Richard se ruborizó al oírse llamar «galante». El corazón le latía con tanta fuerza que temía que ella reparase en que las venas del cuello le palpitaban. Por alguna razón se imaginó que con los labios le apartaba suavemente ese mechón de sedoso pelo que le colgaba delante de su encantadora oreja. Le dolía apartar su mirada de ella.

En lo más profundo de su mente sonó una vocecilla de alarma, pero quedó sepultada bajo la avalancha de cálidas sensaciones. Con una mano agarró la silla gemela a la que él ocupaba, la colocó delante de la mesa y con un gesto la invitó a sentarse.

— Sois muy amable —balbució la duquesa—. Os ruego que me perdonéis si me falla la voz. Estos últimos días han sido muy duros. —Avanzó hasta colocarse frente a la silla, alzó la vista, y sus miradas quedaron de nuevo prendidas—. Y también estoy un poco nerviosa. Nunca había estado en presencia de un hombre tan importante como vos, lord Rahl.

Richard parpadeó, incapaz de apartar la mirada de los ojos de la mujer, aunque él creía que lo estaba intentando.

— No soy más que un guía de bosque que se encuentra muy lejos de su hogar.

La duquesa lanzó una suave y acariciante risa que convirtió el estudio en un lugar acogedor y confortable.

— Vos sois el Buscador de la Verdad, el Señor de D’Hara. —La expresión de la mujer pasó de diversión a reverencia—. Tal vez, un día, lleguéis a gobernar el mundo.

Richard se encogió de hombros.

— Yo no quiero gobernar nada; es sólo que… —Seguramente parecía un necio—. Os ruego que toméis asiento, milady.

La duquesa esbozó de nuevo una sonrisa radiante y cálida, tan llena de ternura y encanto que Richard se descubrió incapaz de apartar los ojos de ella.
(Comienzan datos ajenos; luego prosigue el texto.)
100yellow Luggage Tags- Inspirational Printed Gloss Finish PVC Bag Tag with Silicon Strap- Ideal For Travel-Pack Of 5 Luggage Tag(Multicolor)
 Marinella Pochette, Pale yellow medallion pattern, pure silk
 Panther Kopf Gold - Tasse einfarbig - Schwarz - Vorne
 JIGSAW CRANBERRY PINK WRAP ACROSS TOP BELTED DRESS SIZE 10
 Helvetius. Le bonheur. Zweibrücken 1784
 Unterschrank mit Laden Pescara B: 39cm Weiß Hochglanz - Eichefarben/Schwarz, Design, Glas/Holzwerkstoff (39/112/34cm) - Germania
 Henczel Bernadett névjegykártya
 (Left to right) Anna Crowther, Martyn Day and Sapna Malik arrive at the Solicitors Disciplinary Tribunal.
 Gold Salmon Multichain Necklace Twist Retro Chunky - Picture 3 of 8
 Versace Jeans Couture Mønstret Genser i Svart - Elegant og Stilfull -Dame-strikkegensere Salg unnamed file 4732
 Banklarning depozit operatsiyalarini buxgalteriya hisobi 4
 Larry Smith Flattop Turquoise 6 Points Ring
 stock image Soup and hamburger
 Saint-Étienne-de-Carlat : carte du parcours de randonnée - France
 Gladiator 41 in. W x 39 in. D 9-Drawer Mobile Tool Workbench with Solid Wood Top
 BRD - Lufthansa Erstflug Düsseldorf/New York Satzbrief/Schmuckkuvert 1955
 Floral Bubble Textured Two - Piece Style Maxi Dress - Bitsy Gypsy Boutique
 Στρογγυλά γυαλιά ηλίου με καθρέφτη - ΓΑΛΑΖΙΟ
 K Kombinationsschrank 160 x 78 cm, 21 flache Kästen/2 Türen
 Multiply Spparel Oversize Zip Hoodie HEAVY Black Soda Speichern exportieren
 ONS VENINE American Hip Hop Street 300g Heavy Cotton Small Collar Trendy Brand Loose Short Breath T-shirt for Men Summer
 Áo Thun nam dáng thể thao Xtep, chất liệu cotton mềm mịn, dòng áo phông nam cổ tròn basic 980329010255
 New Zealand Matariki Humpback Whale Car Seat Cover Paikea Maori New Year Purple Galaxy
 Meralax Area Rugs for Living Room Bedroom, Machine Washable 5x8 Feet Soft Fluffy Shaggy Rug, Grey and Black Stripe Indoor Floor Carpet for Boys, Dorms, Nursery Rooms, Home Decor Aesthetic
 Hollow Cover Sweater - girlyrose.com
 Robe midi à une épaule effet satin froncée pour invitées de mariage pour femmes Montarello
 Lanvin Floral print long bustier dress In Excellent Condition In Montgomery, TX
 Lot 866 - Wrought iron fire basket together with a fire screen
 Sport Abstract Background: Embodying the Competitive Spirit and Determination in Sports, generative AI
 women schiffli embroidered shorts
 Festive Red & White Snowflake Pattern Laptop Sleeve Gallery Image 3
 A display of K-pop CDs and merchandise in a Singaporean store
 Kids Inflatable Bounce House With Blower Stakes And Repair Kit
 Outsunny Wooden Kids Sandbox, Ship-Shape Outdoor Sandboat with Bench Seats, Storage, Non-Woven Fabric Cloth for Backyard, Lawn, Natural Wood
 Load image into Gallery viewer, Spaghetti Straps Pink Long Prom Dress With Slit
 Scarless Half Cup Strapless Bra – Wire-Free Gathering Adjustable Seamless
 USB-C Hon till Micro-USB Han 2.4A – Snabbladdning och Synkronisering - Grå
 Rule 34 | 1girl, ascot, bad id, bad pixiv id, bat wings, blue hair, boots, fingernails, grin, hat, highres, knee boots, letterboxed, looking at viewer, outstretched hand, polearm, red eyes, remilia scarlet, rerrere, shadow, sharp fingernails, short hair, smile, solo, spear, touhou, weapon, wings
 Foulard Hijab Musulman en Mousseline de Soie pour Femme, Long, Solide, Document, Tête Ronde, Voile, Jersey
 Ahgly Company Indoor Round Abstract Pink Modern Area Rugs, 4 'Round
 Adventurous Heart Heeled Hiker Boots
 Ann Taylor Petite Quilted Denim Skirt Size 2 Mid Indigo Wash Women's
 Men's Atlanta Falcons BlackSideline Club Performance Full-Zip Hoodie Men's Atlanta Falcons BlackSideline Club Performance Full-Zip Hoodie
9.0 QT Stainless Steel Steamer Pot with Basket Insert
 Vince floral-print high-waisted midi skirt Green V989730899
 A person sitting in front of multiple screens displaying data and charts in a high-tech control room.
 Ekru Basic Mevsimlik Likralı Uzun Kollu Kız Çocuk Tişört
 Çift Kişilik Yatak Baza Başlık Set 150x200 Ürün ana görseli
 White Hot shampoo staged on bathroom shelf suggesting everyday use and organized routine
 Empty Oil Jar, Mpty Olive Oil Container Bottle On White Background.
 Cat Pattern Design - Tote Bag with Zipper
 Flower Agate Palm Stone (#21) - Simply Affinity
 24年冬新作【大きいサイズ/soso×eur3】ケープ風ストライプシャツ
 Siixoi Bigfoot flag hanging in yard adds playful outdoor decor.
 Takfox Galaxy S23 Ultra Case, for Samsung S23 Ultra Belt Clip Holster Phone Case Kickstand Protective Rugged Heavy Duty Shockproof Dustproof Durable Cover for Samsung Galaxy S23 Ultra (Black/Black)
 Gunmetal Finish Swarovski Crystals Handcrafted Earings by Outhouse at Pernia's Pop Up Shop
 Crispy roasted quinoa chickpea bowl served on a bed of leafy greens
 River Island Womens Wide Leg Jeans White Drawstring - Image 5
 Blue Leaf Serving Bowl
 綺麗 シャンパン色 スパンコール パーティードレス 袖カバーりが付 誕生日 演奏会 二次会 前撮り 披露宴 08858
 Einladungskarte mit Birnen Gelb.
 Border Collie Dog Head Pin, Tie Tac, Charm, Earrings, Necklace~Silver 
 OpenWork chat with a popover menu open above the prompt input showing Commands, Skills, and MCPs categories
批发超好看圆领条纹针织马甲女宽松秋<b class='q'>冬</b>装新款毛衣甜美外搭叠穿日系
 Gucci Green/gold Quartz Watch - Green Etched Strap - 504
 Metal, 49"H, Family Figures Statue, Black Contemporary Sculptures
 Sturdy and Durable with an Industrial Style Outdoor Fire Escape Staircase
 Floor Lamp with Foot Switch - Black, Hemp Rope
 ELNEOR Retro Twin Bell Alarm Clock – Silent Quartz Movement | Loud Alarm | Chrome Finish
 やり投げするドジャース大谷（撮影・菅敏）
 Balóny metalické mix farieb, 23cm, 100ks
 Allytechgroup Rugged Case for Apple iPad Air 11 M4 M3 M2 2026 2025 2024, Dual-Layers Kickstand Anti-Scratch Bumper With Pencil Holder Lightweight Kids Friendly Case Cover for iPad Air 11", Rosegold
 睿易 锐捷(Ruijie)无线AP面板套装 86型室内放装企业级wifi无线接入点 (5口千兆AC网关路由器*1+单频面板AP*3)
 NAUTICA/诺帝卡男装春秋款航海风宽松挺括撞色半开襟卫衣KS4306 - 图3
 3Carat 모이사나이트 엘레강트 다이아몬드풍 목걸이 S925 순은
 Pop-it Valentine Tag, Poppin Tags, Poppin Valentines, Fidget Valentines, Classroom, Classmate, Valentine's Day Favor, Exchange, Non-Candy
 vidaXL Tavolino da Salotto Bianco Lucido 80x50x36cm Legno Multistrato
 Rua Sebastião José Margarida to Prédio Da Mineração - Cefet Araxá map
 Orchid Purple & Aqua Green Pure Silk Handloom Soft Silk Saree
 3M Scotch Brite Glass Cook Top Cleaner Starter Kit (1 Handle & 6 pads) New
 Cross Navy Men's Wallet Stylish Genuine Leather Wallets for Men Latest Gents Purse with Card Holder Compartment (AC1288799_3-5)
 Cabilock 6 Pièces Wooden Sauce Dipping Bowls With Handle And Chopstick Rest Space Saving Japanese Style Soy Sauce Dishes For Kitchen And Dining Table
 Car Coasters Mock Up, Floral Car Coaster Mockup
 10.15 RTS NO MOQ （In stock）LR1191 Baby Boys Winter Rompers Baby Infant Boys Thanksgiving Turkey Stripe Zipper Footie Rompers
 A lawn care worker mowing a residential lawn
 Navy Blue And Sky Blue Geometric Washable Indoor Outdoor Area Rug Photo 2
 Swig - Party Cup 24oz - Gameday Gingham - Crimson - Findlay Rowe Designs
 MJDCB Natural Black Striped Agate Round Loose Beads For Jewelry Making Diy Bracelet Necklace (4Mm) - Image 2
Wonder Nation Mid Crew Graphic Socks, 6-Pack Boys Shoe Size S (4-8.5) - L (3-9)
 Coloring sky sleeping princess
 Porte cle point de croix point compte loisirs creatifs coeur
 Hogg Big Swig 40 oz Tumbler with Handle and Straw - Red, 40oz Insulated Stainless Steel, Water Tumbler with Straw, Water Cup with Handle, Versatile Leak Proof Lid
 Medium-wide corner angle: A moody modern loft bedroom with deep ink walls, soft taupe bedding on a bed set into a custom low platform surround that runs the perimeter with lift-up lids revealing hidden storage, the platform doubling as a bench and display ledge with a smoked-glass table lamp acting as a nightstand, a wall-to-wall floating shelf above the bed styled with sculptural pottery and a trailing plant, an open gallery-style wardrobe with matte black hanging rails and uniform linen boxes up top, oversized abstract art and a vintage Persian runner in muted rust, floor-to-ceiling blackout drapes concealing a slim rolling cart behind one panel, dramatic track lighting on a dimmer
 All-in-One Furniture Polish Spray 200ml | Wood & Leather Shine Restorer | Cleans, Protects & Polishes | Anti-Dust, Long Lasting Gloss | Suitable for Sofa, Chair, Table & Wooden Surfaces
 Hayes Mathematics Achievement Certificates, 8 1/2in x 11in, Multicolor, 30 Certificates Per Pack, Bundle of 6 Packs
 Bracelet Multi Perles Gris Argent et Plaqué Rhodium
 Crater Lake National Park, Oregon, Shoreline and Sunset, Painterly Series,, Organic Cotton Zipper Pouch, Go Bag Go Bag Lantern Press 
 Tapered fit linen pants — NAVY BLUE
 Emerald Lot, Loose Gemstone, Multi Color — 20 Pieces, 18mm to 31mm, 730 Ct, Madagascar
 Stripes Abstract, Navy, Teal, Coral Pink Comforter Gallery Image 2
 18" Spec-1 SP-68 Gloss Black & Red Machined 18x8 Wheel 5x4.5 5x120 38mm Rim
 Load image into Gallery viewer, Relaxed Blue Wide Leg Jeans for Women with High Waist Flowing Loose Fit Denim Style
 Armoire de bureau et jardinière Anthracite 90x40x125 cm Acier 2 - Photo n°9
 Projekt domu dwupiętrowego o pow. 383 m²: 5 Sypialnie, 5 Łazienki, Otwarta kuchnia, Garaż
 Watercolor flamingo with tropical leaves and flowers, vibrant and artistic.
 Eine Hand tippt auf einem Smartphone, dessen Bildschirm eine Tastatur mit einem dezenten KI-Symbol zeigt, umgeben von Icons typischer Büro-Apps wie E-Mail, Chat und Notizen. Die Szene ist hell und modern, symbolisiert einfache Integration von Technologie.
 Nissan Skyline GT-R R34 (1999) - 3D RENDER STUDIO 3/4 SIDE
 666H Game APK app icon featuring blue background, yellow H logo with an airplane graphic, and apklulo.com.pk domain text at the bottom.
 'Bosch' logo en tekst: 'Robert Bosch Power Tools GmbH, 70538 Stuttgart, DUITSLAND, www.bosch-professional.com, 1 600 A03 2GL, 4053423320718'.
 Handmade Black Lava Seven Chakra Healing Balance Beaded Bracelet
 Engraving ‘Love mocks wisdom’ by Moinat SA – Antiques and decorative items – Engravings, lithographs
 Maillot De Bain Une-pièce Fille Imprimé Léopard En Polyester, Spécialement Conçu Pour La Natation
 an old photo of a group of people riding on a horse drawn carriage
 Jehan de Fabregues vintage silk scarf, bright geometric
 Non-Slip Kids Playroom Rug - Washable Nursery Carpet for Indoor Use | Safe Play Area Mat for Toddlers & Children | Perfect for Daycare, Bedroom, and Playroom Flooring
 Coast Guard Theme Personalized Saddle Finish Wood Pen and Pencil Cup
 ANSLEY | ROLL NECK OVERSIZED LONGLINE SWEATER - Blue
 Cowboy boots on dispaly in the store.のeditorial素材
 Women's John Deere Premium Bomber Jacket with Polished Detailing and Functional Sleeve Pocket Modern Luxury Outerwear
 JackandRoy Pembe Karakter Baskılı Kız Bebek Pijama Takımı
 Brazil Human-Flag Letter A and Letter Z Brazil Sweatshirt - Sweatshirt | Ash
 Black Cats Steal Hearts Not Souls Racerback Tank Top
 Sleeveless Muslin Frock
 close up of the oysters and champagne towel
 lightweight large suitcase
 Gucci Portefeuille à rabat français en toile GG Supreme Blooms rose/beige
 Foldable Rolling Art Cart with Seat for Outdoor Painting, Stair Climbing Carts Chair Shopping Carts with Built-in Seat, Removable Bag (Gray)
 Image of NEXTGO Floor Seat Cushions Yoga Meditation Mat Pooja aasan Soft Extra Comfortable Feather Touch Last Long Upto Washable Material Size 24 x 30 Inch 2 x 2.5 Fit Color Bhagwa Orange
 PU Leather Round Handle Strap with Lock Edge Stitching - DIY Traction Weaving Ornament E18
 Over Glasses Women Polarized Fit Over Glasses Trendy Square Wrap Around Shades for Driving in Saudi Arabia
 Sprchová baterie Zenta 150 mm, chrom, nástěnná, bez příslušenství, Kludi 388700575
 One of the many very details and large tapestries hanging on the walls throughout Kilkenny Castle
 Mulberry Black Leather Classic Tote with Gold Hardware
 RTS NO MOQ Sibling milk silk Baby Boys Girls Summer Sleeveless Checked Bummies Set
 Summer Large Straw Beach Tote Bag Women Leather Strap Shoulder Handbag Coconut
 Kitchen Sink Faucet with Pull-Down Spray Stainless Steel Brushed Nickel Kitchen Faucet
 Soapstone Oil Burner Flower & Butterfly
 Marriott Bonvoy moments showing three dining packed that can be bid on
Incluso sentía en su cara la dulce calidez de su aliento.

La duquesa le devolvió la mirada.

— Perdonad mi descaro, lord Rahl, pero debo deciros que vuestra mirada vuelve a las mujeres locas de deseo. Apuesto a que rompisteis el corazón de todas las presentes en la sala del consejo. La reina de Galea es una mujer muy afortunada.

— ¿Quién decís?

— La reina de Galea. Vuestra futura esposa. La envidio.

Mientras la mujer se sentaba delicadamente en el borde de la silla Richard le dio momentáneamente la espalda, inspiró hondo para tratar de aclararse la mente y luego fue a sentarse en su silla, al otro lado de la mesa.

— Duquesa, siento mucho la muerte de vuestro esposo.

Ella desvió la mirada.

— Gracias, lord Rahl, pero no debéis preocuparos por mí; yo no lamento su muerte. No me mal interpretéis, no le deseaba ningún mal, pero…

Richard notó cómo le ardía la sangre.

— ¿Os hizo daño?

Cuando la duquesa se encogió significativamente de hombros y le hurtó la mirada, Richard tuvo que hacer verdaderos esfuerzos para no cogerla entre sus brazos y consolarla.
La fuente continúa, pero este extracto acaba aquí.